There is a page on Wikipedia about the Earths thermal loss at
<http://en.wikipedia.org/wiki/Geothermal_gradient>
http://en.wikipedia.org/wiki/Geothermal_gradient  that quotes 44.2 TW as the
power of which 30TW is from radioactive decay .

People generate far more heat per kg than either the Earth or the Sun about
100 - 120 W thus around 1 to 2 Watts per Kg.

Therefore if you built the Sun out of people ( ignoring the need for Oxygen
& food plus disposal of waste & CO2)  it would be much hotter !

John Murrell

Astronomer Without Portfolio

Website www.JohnMurrell.org.uk

From: altair_b@googlegroups.com [mailto:altair_b@googlegroups.com] On Behalf
Of Roy Easto
Sent: 10 November 2012 10:09
To: altair_b@googlegroups.com
Subject: Re: {Altair_B - 3363} -: Planetary Nebulea - thoughts following
Alan's Lecture

I was thinking more about the insulating effect of the crust being so
relatively thin with high temperatures on one side and black space on the
other. And I liked the picture.

There was an article recently about mass loss/gain from the Earth. The Earth
generates 24TW in energy through radioactive decay. If the Earth has an area
of 4 * pi * (6000000)^2 = 4521 trillion square meters then we would have
around 5mW per square meter?
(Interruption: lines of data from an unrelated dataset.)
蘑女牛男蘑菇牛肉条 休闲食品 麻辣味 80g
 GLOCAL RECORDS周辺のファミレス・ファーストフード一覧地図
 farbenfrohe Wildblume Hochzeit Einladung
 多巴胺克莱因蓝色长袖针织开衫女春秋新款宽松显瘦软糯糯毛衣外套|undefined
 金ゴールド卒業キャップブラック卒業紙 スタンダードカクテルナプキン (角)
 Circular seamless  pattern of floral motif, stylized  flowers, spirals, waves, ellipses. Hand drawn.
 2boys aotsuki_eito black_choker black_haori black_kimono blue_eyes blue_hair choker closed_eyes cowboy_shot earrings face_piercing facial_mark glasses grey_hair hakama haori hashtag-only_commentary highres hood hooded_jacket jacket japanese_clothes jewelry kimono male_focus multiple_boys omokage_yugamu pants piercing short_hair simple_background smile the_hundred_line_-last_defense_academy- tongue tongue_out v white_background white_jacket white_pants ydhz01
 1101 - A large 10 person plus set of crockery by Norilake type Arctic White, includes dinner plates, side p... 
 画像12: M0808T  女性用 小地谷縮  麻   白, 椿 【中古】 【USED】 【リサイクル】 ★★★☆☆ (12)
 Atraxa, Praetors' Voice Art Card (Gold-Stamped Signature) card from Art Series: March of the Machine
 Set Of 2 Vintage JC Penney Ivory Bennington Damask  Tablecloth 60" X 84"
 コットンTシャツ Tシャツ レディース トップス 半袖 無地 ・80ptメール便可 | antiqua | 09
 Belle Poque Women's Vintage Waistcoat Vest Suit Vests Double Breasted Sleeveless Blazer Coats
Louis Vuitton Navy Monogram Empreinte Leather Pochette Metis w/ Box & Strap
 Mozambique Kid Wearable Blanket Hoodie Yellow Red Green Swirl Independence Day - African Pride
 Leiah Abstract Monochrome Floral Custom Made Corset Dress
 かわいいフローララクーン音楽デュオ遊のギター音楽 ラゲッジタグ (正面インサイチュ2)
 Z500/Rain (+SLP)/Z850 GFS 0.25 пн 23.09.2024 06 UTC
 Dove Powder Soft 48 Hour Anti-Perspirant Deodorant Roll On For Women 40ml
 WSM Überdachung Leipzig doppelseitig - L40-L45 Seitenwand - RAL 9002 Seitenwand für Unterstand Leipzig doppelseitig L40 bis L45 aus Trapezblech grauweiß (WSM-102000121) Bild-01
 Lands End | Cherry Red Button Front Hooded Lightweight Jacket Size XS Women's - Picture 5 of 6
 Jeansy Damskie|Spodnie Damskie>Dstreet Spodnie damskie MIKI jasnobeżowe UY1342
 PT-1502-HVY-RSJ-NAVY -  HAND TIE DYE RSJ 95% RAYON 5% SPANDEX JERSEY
The mass loss for the whole Earth (converted
into energy) would be 24*10^12 / (3*10^8)^2 = 0.2 grams per second. Compared
to the Sun's 4 million tons per second although it does have a mass 330000
times larger than the Earth.

So 4000000/330000/0.0002 = 60000 which is the ratio of heat generated by 1
kg of the Sun compared to 1kg of the Earth (unless I've made a simple
mistake(s) somewhere.

Roy

On 10/11/12 08:58, John Murrell wrote:

Hello Roy,

The difference is the Earth is still generating heat through radioactive
decay - the white dwarf core is all at the same temperature (Isothermal) due
to the de-generate state of the core. As a result the temperatute falls from
.c. 100 M K at the base of the (thin) atmosphere to a few time 10^4 K at the
top. Sounds like good stuff to insulate your house with ! Also it absorbs
all the X-Rays from the core ( assuming degenerate matter at 100M K
generates X-Rays)

Does anyone know what the Earth's surface temperature would be from core
heating only ? I seem to recall the power loss is around a couple of watts
per square meter on average ?

John Murrell

Astronomer Without Portfolio

Website www.JohnMurrell.org.uk

From: altair_b@googlegroups.com [mailto:altair_b@googlegroups.com] On Behalf
Of Roy Easto
Sent: 09 November 2012 23:27
To: altair_b@googlegroups.com
Subject: Re: {Altair_B - 3361} -: Planetary Nebulea - thoughts following
Alan's Lecture

Much like the Earth see attached,

Roy

On 09/11/12 21:58, John Murrell wrote:

In last weeks lecture Alan said the temperature of White Dwarfs range from
around 200k Kelvin to 10k Kelvin. When I thought about it this was rather
odd - the White Dwarf is essentially the core of the star compressed so it
heats up more. The Sun's core burning Hydrogen is at around 15 million
Kelvin. This rises to around 100 million Kelvin when the Helium burns into
Carbon and the outer layers are blown off into the planetary nebula. When
the helium burning stops the core collapses and gets even hotter due to
gravitational energy.

So the question is why is the temperature of the white dwarf only a few
times 10^4 Kelvin rather than over 100 million K ?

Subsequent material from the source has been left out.